5th January 2009

Exhilirating 2009 Ahead

 

 

 

05 January 2009

 

Column by Ed Warner as featured in Athletics Weekly magazine

 

 

 

Writing the Official Line column for AW a year ago, I obviously looked forward to the Beijing Games. However, I also highlighted the advantage athletics has over the other Olympic sports in not having to wait four years to have its day in the sun. Well, 2009 will be just such an opportunity for athletics to strengthen its popularity.

 

The World Championships in Berlin will be the first test of the durability of the huge impact Beijing had on the image of international athletics. It may seem that Usain Bolt single-handedly elevated the profile of our sport, but in fact the Olympics’ success rested on a broad range of exhilarating performances by athletes from across the globe. The IAAF will be praying that this year does not witness the fabled post-Olympic year hangover.

 

I suspect there is little chance of British athletes easing back in 2009. Partly because a number will feel that they came close to achieving their ambitions last summer but fell frustratingly short, but also because in Charles van Commenee and Peter Eriksson there are new Head Coaches of our Olympic and Paralympic programmes to impress.

 

Charles and Peter start full-time at UKA at the start of next month. With Kevin Tyler just announced as strategic head of coaching and development , we now have a world-class coaching team in place to ensure that we make the most of the opportunity given to our athletes by lottery funding in the run-up to the London Games.

 

The indoor season is upon us with the Aviva International Match in Glasgow only four weeks away. The European Indoor Championships are clearly the highlight of this season and expectations for the British team will understandably be high after their success in Birmingham two years ago. After our strong showing in last year’s European Cup, and the record 12 medal haul in the European Cross Country, it would be a great fillip to sustain this recent success in Europe in Turin in March.

 

Just before the end of last year I visited the site of the Olympic stadium in Stratford. Striking progress has been made in the seven or eight months since construction began.
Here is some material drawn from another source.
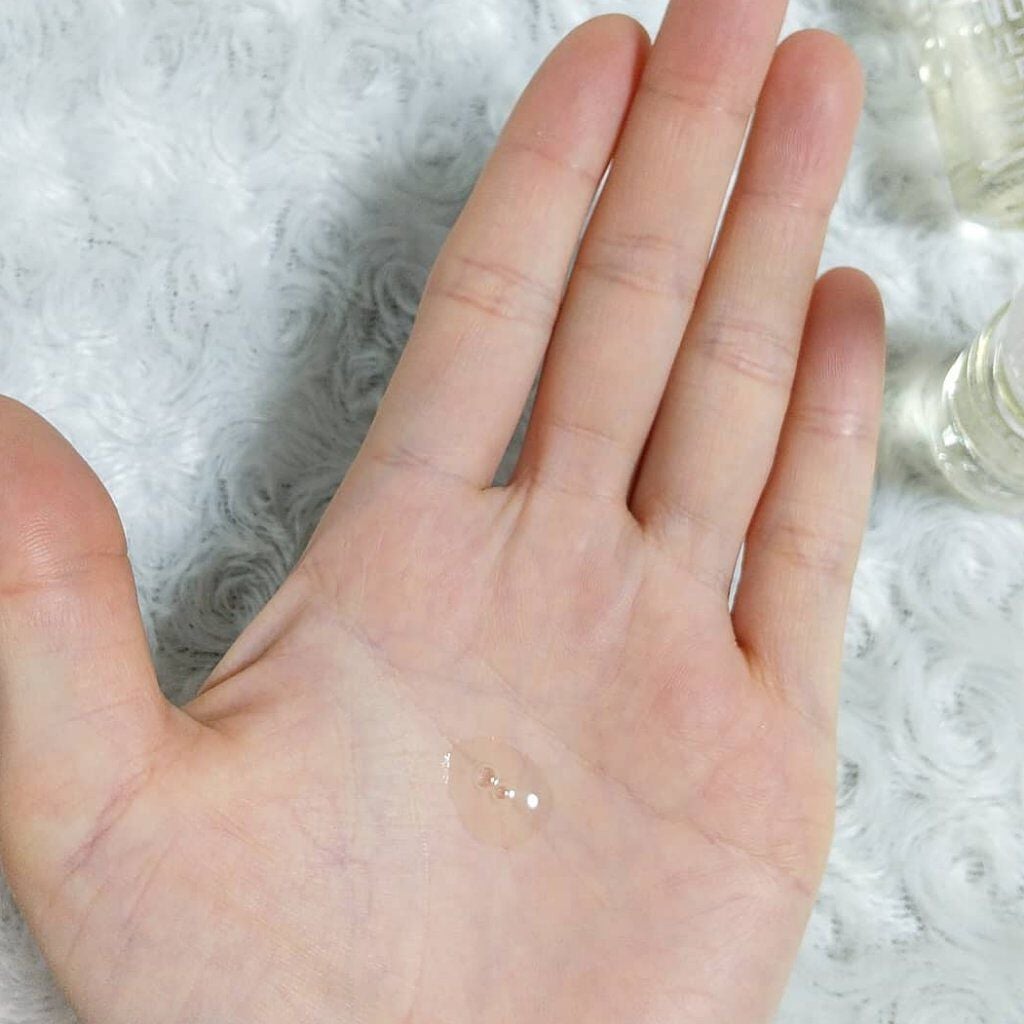 LiLi on LIPS 「\いくつもある大人の肌悩みへ応える救世主/肌への優しさと結果を..」(4枚目)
Indeed it’s now possible to stand in a muddy puddle at the start of the 100M straight and look up at the skeleton of the stand behind the first two bends and begin to feel the scale of an event that is still over three years away.

 

While we’ve no room at all for complacency, I believe we have good reason to believe that our athletes will grace this stadium with excellent performances in 2012, and that 2009 will show that they are on course to do just that.